I completed two seperate projects this week to gain experience with 3D design/printing and 3D scanning.
I used a Dimension 1200es at the Mott Community College Fab Lab for the fabrication of this part.
The part is to be used as the spacer for a 6 part gang programmer for ATTiny10 MCUs.
Here is a picture of the family of AVR propcessors in the Fab Lab inventory plus an ATTiny10 at the bottom. At the top is a Mega168/328 processor, next is a Tiny44, third is a Tiny45, and at the bottom is the Tiny10. As you can see the Tiny10 is tiny!
The picture also shows the 6 pin connector normally used for in circuit programming of the embedded ATTinu MCUs on the right. The connector itself is as large as some of the entire circuit boards that might use the Tiny10.
In order to maintain a small board size I would like to program the processor before putting it onto the board. As the processors are very samll and hard to handle I would like to be able to program a batch of them at a time.
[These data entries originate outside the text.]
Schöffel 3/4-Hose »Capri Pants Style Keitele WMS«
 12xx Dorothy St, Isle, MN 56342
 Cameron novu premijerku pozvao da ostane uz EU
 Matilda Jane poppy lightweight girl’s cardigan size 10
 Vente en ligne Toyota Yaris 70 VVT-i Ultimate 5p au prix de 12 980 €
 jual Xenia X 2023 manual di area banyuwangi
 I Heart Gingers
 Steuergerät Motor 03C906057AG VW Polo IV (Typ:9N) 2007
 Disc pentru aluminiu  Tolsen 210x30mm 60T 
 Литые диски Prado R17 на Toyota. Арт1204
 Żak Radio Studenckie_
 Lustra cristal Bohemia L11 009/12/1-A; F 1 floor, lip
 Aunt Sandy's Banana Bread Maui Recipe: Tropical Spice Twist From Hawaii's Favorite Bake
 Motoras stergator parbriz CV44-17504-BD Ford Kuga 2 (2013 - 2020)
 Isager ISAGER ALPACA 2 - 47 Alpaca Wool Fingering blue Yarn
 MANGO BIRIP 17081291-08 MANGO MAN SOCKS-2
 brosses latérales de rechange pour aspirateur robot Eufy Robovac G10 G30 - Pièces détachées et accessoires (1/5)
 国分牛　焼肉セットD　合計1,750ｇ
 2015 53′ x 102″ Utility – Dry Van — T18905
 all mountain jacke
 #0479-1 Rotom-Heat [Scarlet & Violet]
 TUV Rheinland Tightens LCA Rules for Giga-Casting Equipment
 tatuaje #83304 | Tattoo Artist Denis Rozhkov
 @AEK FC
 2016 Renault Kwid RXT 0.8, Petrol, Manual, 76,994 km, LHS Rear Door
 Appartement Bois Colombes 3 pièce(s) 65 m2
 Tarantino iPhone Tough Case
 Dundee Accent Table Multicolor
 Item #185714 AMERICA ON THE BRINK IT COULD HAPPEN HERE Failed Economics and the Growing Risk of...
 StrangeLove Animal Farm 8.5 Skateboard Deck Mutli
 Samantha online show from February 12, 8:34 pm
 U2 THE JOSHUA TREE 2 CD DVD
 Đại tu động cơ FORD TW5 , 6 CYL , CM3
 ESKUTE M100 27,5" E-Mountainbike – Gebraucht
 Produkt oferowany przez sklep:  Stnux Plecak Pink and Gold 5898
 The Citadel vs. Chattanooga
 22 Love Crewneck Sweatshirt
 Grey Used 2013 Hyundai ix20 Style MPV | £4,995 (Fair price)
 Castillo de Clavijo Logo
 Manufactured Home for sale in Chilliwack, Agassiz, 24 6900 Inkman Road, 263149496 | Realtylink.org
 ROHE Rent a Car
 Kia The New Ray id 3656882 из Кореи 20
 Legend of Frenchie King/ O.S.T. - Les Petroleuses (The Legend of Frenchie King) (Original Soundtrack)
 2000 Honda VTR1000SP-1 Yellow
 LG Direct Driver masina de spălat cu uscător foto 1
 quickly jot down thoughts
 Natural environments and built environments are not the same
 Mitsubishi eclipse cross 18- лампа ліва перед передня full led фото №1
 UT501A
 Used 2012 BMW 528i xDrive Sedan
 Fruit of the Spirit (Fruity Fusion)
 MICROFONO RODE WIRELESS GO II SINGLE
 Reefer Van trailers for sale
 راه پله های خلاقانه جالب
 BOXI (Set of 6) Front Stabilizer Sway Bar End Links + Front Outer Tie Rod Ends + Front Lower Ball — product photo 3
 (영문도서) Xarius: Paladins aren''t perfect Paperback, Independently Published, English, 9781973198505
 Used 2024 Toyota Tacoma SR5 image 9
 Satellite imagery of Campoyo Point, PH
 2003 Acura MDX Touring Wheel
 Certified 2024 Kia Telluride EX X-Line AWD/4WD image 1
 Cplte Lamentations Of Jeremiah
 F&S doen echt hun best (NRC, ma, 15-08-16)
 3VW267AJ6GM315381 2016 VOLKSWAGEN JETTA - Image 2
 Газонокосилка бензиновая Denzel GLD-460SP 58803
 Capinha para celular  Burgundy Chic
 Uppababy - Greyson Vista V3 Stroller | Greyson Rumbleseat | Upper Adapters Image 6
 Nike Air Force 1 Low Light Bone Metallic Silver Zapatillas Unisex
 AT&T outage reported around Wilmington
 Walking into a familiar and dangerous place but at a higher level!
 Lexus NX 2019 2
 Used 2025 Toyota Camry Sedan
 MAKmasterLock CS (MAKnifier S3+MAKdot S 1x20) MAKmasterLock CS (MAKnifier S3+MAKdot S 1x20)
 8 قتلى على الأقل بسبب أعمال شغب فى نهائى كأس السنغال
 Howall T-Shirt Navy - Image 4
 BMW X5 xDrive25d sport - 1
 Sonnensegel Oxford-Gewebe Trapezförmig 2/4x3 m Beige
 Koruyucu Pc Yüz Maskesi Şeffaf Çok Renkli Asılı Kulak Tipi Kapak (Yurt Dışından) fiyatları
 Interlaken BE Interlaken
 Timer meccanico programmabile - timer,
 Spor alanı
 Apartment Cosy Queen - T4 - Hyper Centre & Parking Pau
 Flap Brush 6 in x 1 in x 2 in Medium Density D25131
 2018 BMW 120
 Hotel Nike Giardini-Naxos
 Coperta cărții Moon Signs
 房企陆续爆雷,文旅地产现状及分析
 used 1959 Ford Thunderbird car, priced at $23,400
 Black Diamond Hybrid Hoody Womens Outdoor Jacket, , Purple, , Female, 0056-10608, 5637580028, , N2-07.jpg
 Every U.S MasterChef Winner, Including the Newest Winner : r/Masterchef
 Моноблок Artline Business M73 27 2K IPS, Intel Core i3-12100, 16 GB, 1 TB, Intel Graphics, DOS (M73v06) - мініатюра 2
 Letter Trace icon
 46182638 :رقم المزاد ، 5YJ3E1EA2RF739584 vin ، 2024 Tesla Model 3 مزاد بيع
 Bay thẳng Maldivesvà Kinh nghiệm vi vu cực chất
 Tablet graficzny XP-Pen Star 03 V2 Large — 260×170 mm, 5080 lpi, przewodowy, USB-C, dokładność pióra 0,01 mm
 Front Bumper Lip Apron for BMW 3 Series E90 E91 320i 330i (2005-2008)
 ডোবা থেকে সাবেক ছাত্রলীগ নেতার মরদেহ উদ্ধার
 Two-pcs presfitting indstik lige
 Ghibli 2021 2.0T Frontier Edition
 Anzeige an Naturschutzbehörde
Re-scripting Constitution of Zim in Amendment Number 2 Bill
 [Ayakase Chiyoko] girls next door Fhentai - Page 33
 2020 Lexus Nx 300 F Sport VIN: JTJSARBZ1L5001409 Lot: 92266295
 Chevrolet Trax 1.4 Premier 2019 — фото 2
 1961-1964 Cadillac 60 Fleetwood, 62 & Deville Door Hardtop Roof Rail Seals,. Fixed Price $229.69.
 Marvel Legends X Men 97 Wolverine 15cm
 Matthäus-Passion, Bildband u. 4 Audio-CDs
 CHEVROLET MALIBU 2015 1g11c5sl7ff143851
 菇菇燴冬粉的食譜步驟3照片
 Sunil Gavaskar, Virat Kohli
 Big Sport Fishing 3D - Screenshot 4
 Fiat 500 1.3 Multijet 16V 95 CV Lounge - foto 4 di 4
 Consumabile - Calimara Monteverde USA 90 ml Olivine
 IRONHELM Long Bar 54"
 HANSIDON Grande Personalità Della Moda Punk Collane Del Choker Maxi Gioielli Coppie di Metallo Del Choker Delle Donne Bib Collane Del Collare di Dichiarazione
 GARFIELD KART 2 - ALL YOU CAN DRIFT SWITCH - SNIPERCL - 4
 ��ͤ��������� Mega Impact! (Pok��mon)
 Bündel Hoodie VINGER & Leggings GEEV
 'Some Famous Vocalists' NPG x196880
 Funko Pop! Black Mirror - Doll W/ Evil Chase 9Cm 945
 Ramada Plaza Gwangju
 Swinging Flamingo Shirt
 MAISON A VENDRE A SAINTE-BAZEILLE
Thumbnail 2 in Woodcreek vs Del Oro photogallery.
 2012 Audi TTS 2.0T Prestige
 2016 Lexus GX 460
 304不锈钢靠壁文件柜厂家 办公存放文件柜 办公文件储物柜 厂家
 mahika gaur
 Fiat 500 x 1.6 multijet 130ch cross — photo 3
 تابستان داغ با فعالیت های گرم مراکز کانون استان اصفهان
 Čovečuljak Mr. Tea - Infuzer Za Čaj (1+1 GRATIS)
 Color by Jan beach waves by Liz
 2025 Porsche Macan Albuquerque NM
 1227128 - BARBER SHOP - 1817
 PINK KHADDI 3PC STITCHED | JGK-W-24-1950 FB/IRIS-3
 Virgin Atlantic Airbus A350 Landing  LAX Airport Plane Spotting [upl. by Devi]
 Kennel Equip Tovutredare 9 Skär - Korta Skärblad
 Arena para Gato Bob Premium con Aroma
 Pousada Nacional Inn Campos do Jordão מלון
The part that I designed and 3D printed spaces 6 ATTiny10 MCUs on a circuit board with traces positioned to make contact with the processor pins when the processor is pressed against the board.
The board is inserted in a slot in the part with a central channel high enough to support the MCU and components necessary to switch 12V to the processor reset pins based upon serial commands over a FTDI interface .
I designed the part using OpenSCAD - OpenSCAD file.
It was exported to a text STL file.
After checking the part with MeshLab it was imported into the CatalystEX software to process for building on the Dimension printer.
Part in Dimension 1200es printer.
Part prior to separation from platform.
Dissolving the support material from part.
Finished part.
A processor positioned in one of the 6 programming pockets.
The top part of the object serves not functional purpose with programming but was intended to reflect the shape of the processors to be programmed.
I used the scanning head (ZSC-1) on the Modela mill to scan a tool used for measuring the incidence angle of model helicopter blades.
Here is the compressed STL file from the scan. The scan took over 15 hours!
The resulting scan in wireframe and surface rendering in the Roland Dr Picaza3 program.
I think that I will continue to explore other scanning options for future needs.